Why Nick Cave will never reunite The Birthday Party: “It’s young man’s stuff”
As we wrap up 2025, I think we can safely conclude that the word to summarise this year in music is reunion.
While the last few years have scratched our nostalgic itch with several big-name bands hitting the road together, it was 2025 that brought the big one, the one that music fans all over thought was damn-near impossible. Yes, with a rumoured $50million to be cashed in, the Gallagher brothers reunited and got Oasis’ name back in the bright lights of a global stadium tour.
The overwhelming success of it has got people hungry for more, and it seems as though the continued obsession with reuniting bands of yesteryear hasn’t subsided.
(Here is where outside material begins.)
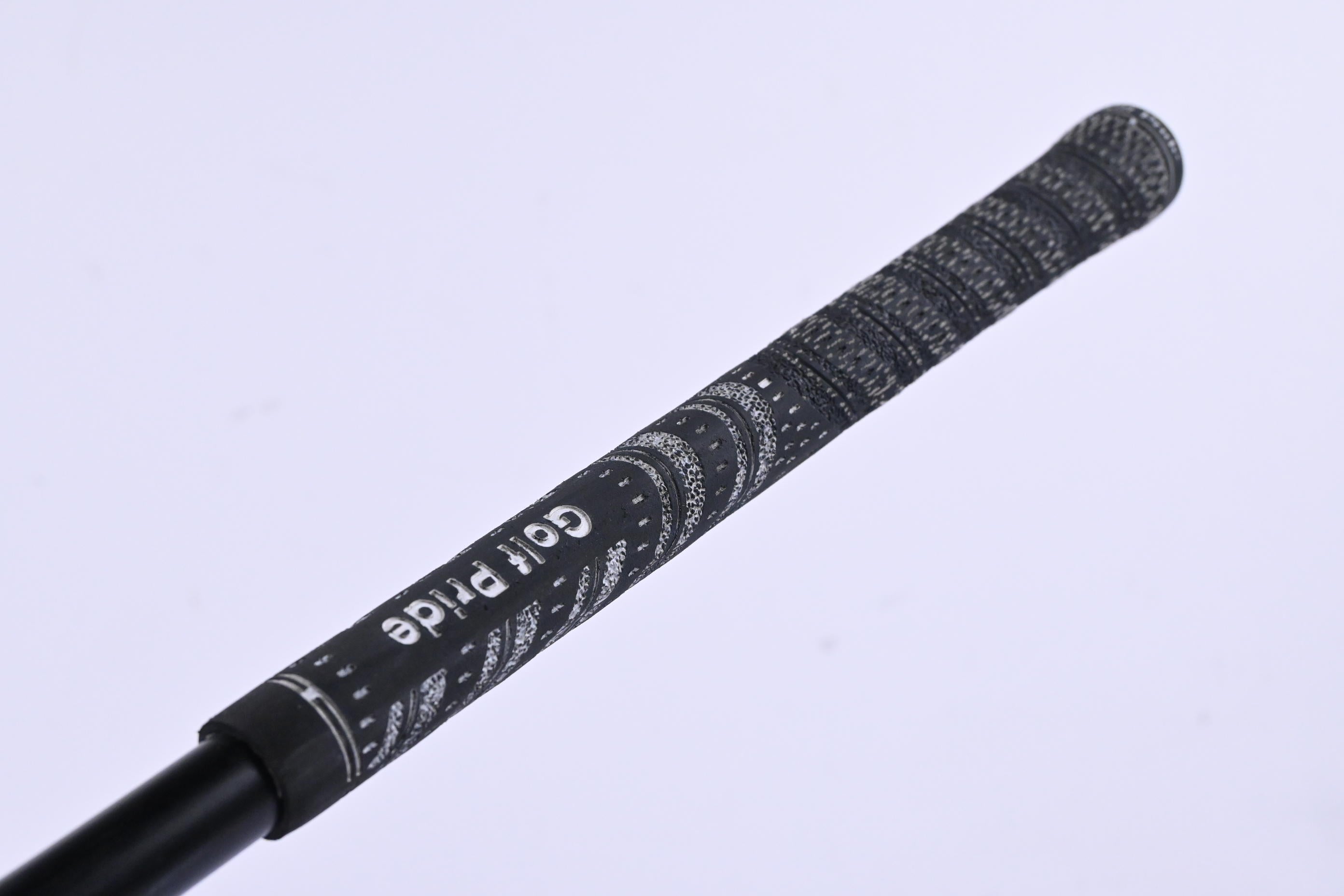 Titleist GT1 #3Tour Wood / 14.5 Degree / Stiff Flex HZRDUS Gen5 70 Shaft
For those artists not so keen on the idea of reuniting, they’ve got the brothers to blame, because what previously seemed impossible has now happened, and done so in triumphant fashion.
Nevertheless, there are certain bands who would quite simply never reunite, no matter how much praise, adulation and cold hard cash the Gallagher brothers have proved can be made.
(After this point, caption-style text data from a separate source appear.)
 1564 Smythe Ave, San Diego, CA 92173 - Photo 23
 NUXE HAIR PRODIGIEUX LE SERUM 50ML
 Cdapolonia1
Take their idol Johnny Marr, for example. This year, he revealed that he’s recently turned down an eye-watering sum of money for a prospective Smiths reunion on the simple basis that “the vibe’s not right”. It’s a rare showing of artistic principle in the age of dopamine hits, proving that no matter how much we all crave nostalgia, the actual music has to come first.
A stance Nick Cave has similarly adopted when he was asked if The Birthday Party would ever reunite. Formed in Australia in the mid-1970s, The Birthday Party were Cave’s first real musical outfit, which captured his and his bandmates’ multi-genred approach to rock and roll. A chaotic blend of noise rock, punk-blues, gothic rock, and art punk, it was a necessary beginning to Cave’s career, allowing a career based around intense storytelling to flourish thereafter.
The band garnered a cult following and made an impact on the 1970s music scene, but never did they defined the careers of each individual artist. Cave’s subsequent solo career is different to many of the other artists subjected to reunion calls, and so, he’s luckily eluded the pressure.
“Nobody has mentioned it, and we would never do that,” he simply answered when asked about the possibility of a reunion. “I mean, (bassist) Tracy Pew is dead, and he was the engine. As far as I’m concerned, he was what The Birthday Party was all about. I’d never have any interest in doing that. Something like Crowded House, you could be 158 and play a concert, and it would still be much the same. But The Birthday Party came out of a particular time. We were young. It’s young man’s stuff.”
Cowering to the demands of the gallery feels inherently contradictory to Cave’s attitude as a musician. He sees art as a way of engaging with and observing the world that exists around him, as opposed to a commodity designed to represent some form of cultural junk food. It’s just a shame more of us don’t see it the same way.